# Welche Server Software für WebServer



## Draxx (12. Februar 2005)

Hallo liebe Foren User,

ich habe einen alten P3 700mhz 400mb Ram noch und will diesen als Server betreiben. Zur Zeit ist er Teamspeak server, DynDns Updater und Apache Server sowie FileServer und Download Server auf einer WinXP installation aber da ich das nicht gut finde wie es atm ist wollte ich mal Fragen ob es eine Alternative gibt?! Ich wollte das er Stabiler läuft und einfach nur noch angeschaltet werden muss ohne irgendwas noch einzustellen nach der Installation.
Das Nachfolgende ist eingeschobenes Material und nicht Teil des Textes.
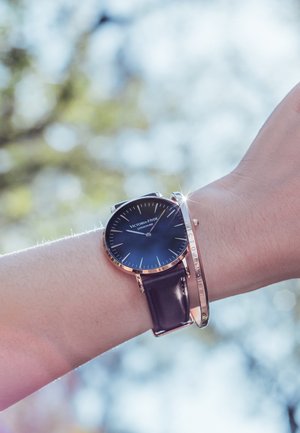 Montre avec bracelet en cuir noir et cadran rond bleu, marqueurs en ton argent et accents en rose doré poli ; associée à un bracelet métallique fin.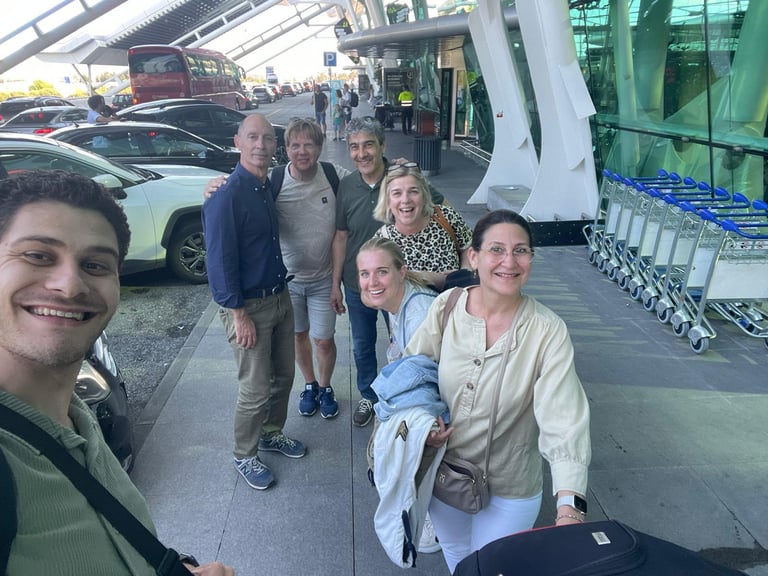 a group of people standing around a luggage carton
Ich denke viele sagen Linux aber dort bin ich nicht sehr Fit drin. Gibt es nicht eine Art "fertigen" Server denn man nur noch installieren muss ? Ich habe mal was von Clarkconnect gehört bzw wurde mir empfohlen. Also noch mal hier was er können muss:

Teamspeak2 Server,
DynDNS update,
FileServer,
WebServer,


Er soll auch auf meinen LanParties als Webserver laufen und da wollte ich mal wissen. wie es möglich ist das man eine Adresse im Netzwerk eingibt und z.B. eine Seite auf dem Server aufgerufen wird. Wir benutzen Static Ip auf unseren Lans. Falls es tutorials o.ä. gibt  wäre ich sehr dankbar und schreit bitte nicht nur google.de danke 

Mfg Draxx


----------



## Sinac (12. Februar 2005)

Also wenn du was stabiles und ressourcenschonendes willst nimm Linux, nur als Webserver fürs LAN ist das nicht so dramatisch einzurichten, da bekommst du hier im Forum genug Infos drüber. Bei den meisten Dists ist auch alles bei was du brauchst.
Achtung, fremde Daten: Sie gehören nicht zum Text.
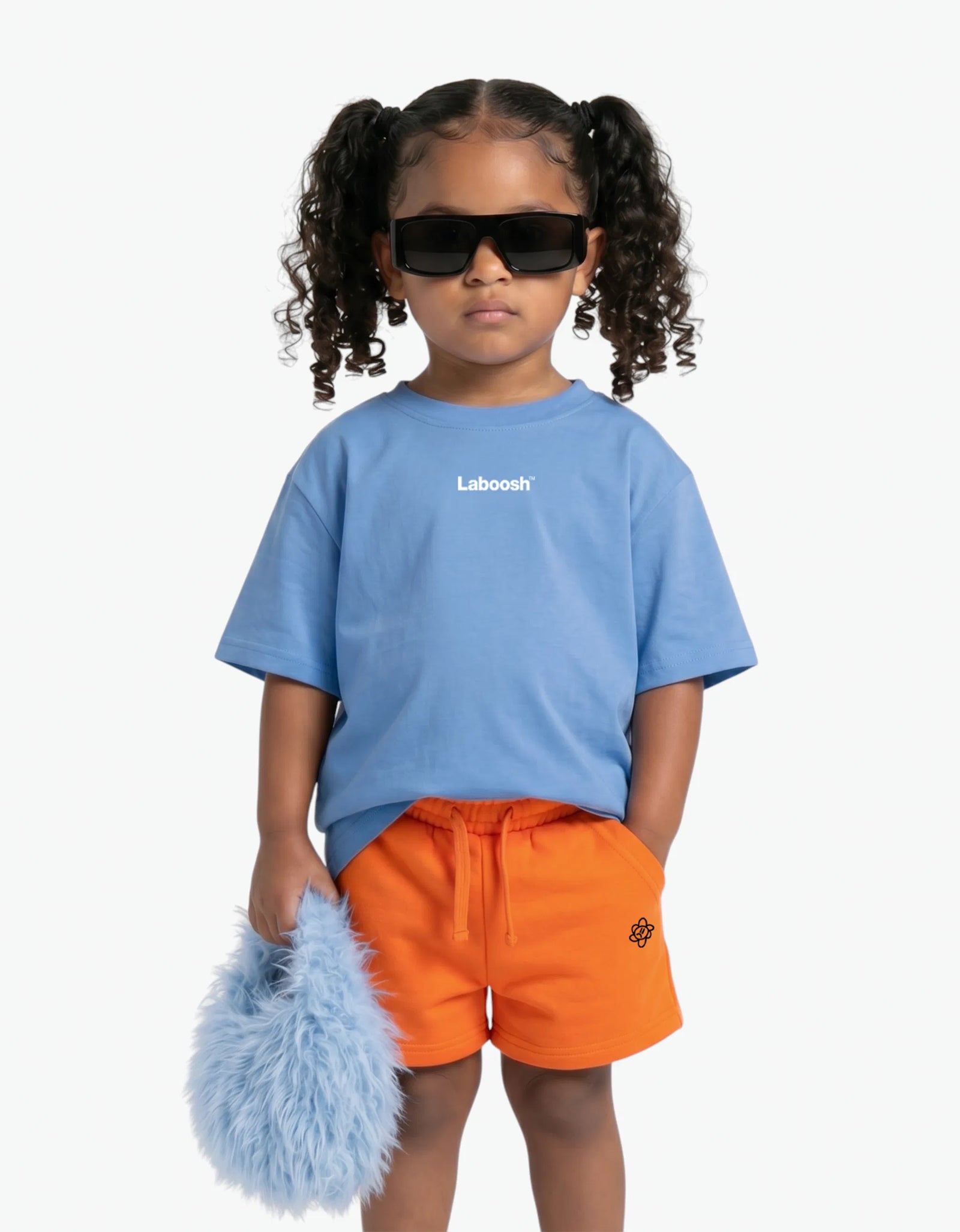 Orange Shorts for girls by Laboosh, styled view on a white background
Das mit der Adresse machst du einfach über http://xxx.xxx.xxx.xxx/, also die IP oder den Hostname http://$host/.
Je nach Konfig des Webservers mit oder ohne Dateiname.

Greetz...
Sinac


----------



## Draxx (12. Februar 2005)

ja leider kenne ich mich mit linux nur echt misserabel aus und ich wills gleich vorweg sagen es dauert mir zu lange weil ich einfach es nicht zeitlich schaffe also das es dauert ist mir klar aber wie siehts aus mit diesem clarkconnect? kennt das jemand?


----------



## Sinac (12. Februar 2005)

Kenn ich leider nicht, schau doch mal bei google. NUr dir ist schon klar, das du dich da auch einarbeiten musst, oder? Ist eventuell aufwendiger als mit Linux, auch ohne Vorkenntnisse. Naja, musst du wissen.

Greetz..
Sinac


----------



## Draxx (12. Februar 2005)

Welches Linux ist denn am besten für denn oben genannten PC also welche distri von Linux und was brauche ich alles dann dafür? Clarkconnect ist ja Linux nur irgendwie anders ^^


----------



## Sinac (13. Februar 2005)

Also wenn dus ganz einfach haben willst nimm SuSE und schmeiß nach der Einrichtung alles runter was du nicht brauchst. Die Installation ist einfacher als bei Windows und klappt auch ohne 100 mal neustarten und über YAST2 ist die Installtion vo Apache auch ein Kinderspiel.
Wenn du dazu noch was lernen willst und etwas mehr Zeit und Motivation hast nimm Debian oder so.


----------



## Draxx (13. Februar 2005)

na dann will ich das gleich mal testen thx


----------



## Sinac (13. Februar 2005)

Viel Erfolg


----------



## webfreak (13. Februar 2005)

Vielleicht bringt dich "eisfair" (auch eis/fair geschrieben) weiter...


----------



## Draxx (14. Februar 2005)

Ne ich kenne das ist aber für mich keine Lösung weil ich doch noch etwas Funktionallität brauche ^^


----------